## EXERCISE
Stop at the line that contains "Bismuth Maple Leaf". Until then, set down each line of the records exactly, beginning with the first, and skip pictures.

## Brief descriptive captions
#####

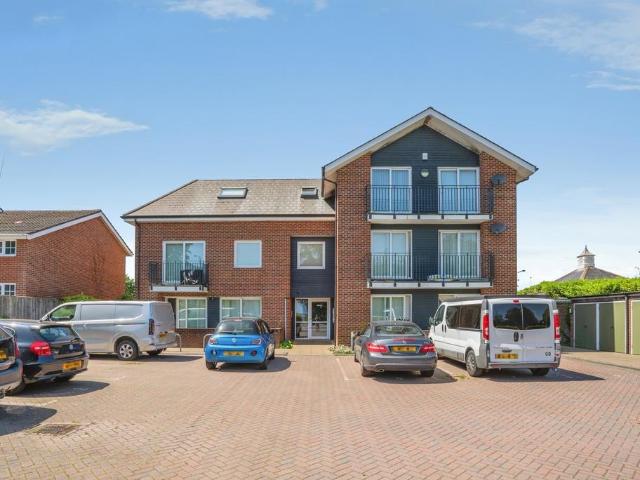 Flat for sale in Spring Vale, Hampshire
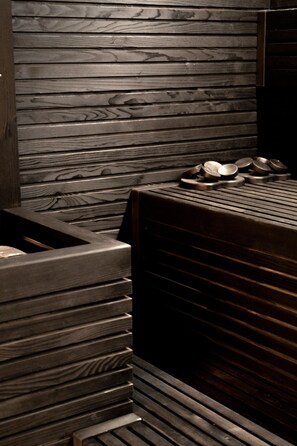 Une salle de bain avec un mur en bois et un lavabo au design moderne.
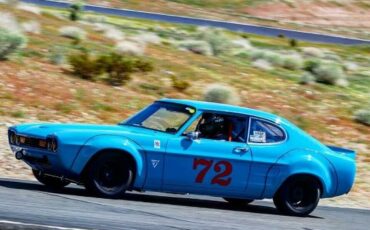 Unknown-Chevelle-1968-Butter-Yellow-Black-Parchment-Vinyl-23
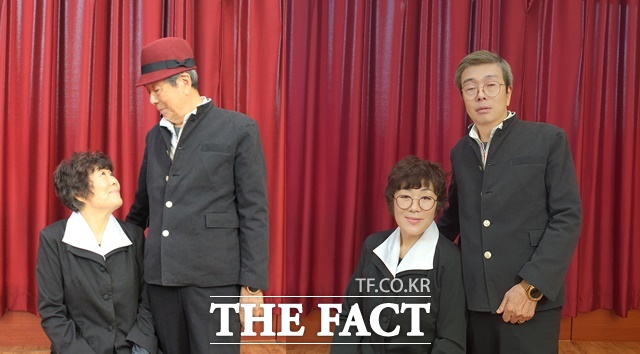 어르신들이 옛날 교복, 개화기 의상을 입고 촬영한 사진을 AI 기술을 통해 젊은 시절 사진으로 재현하는 서울 도봉구 청춘 사진관에 참여한 김영림(74)·최일청(80) 씨 부부 모습. /도봉구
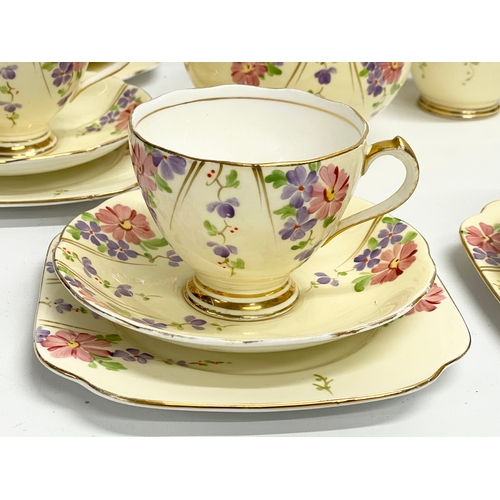 641 - A vintage 21 piece Roslyn China Art Deco tea set.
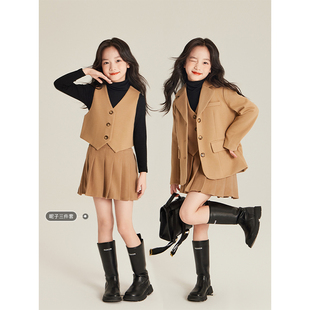 Amybaby女童套装冬季2025新款式文艺高级感小西装外套马甲百褶裙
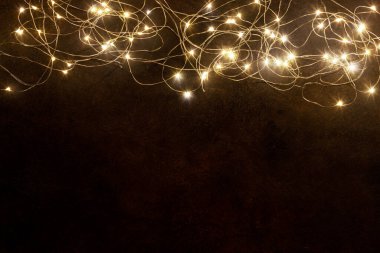 Arkaplanda fotokopi aletiyle parıldayan Noel çelengi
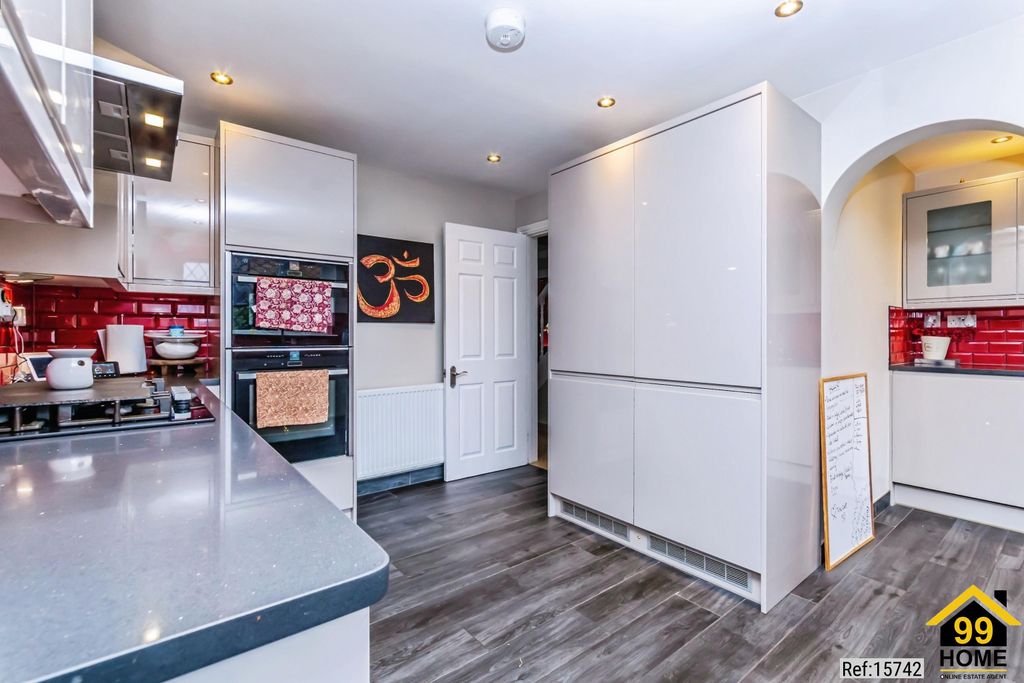 Property photo 3 of 20 Photo 2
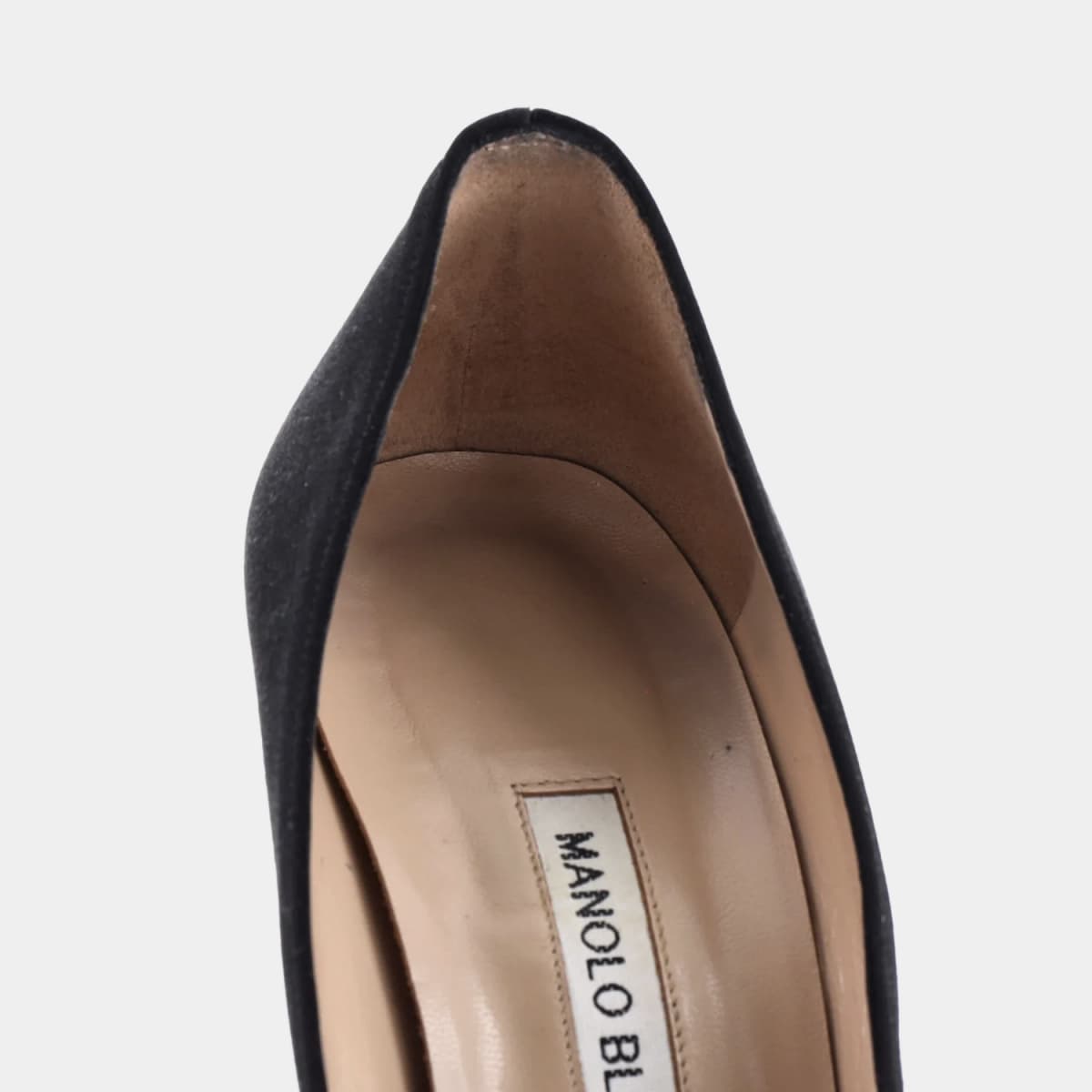 Manolo Blahnik Hangisi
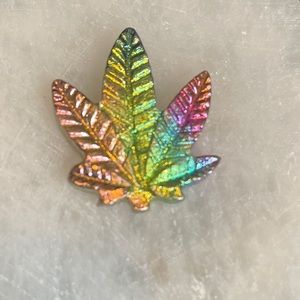 Bismuth Maple Leaf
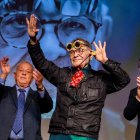 El consejero de Cultura, Turismo y Deporte, Gonzalo Santonja, entrega la Medalla del Premio Castilla y León de las Letras 2023 a Fernando Arrabal.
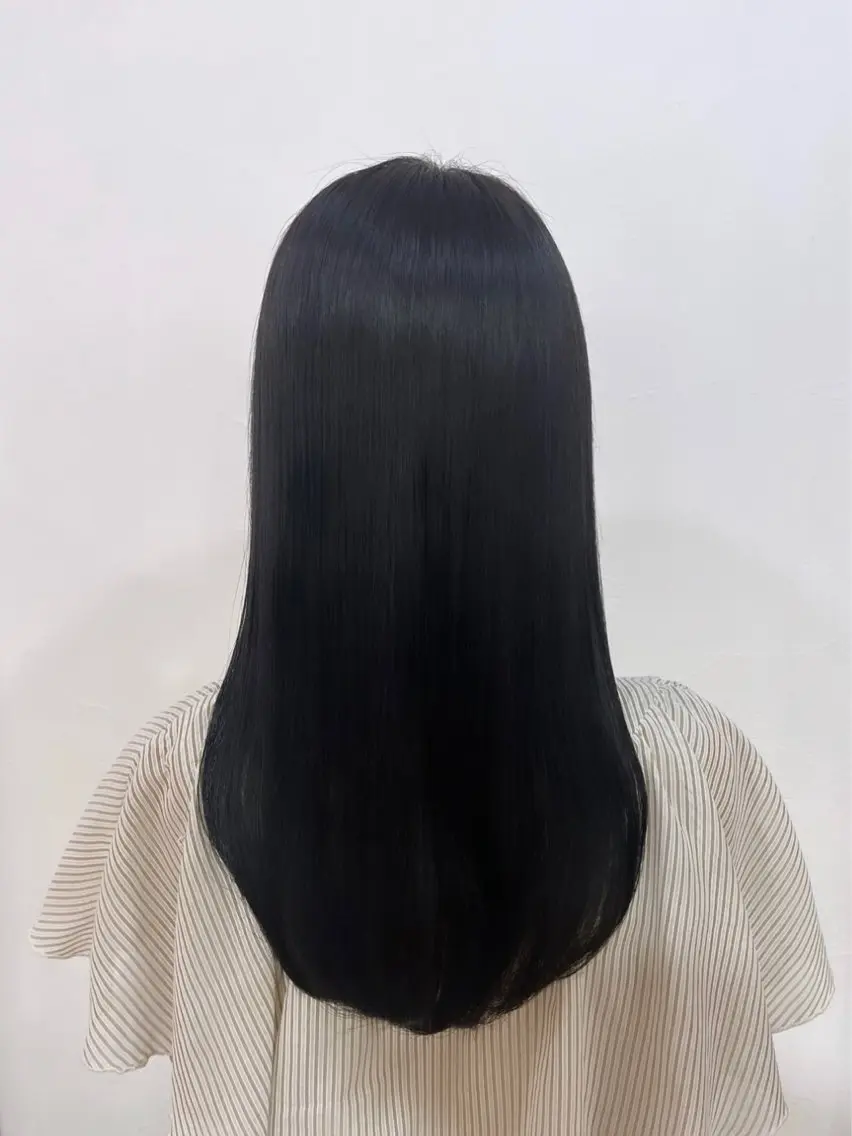 カラー 🎀艶カラー/ヘアメ しおり🎀のヘアスタイル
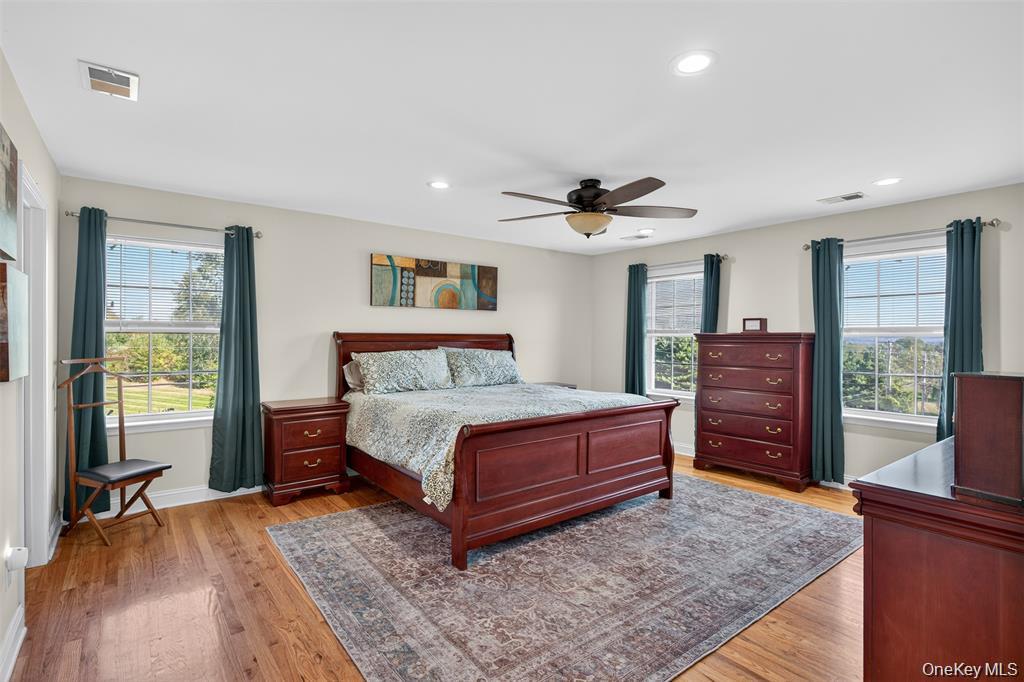 2 Harcourt Cosman Drive, Newburgh, NY 12550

#####

## RESULT FOR THIS EXERCISE
 Flat for sale in Spring Vale, Hampshire
 Une salle de bain avec un mur en bois et un lavabo au design moderne.
 Unknown-Chevelle-1968-Butter-Yellow-Black-Parchment-Vinyl-23
 어르신들이 옛날 교복, 개화기 의상을 입고 촬영한 사진을 AI 기술을 통해 젊은 시절 사진으로 재현하는 서울 도봉구 청춘 사진관에 참여한 김영림(74)·최일청(80) 씨 부부 모습. /도봉구
 641 - A vintage 21 piece Roslyn China Art Deco tea set.
 Amybaby女童套装冬季2025新款式文艺高级感小西装外套马甲百褶裙
 Arkaplanda fotokopi aletiyle parıldayan Noel çelengi
 Property photo 3 of 20 Photo 2
 Manolo Blahnik Hangisi
 Bismuth Maple Leaf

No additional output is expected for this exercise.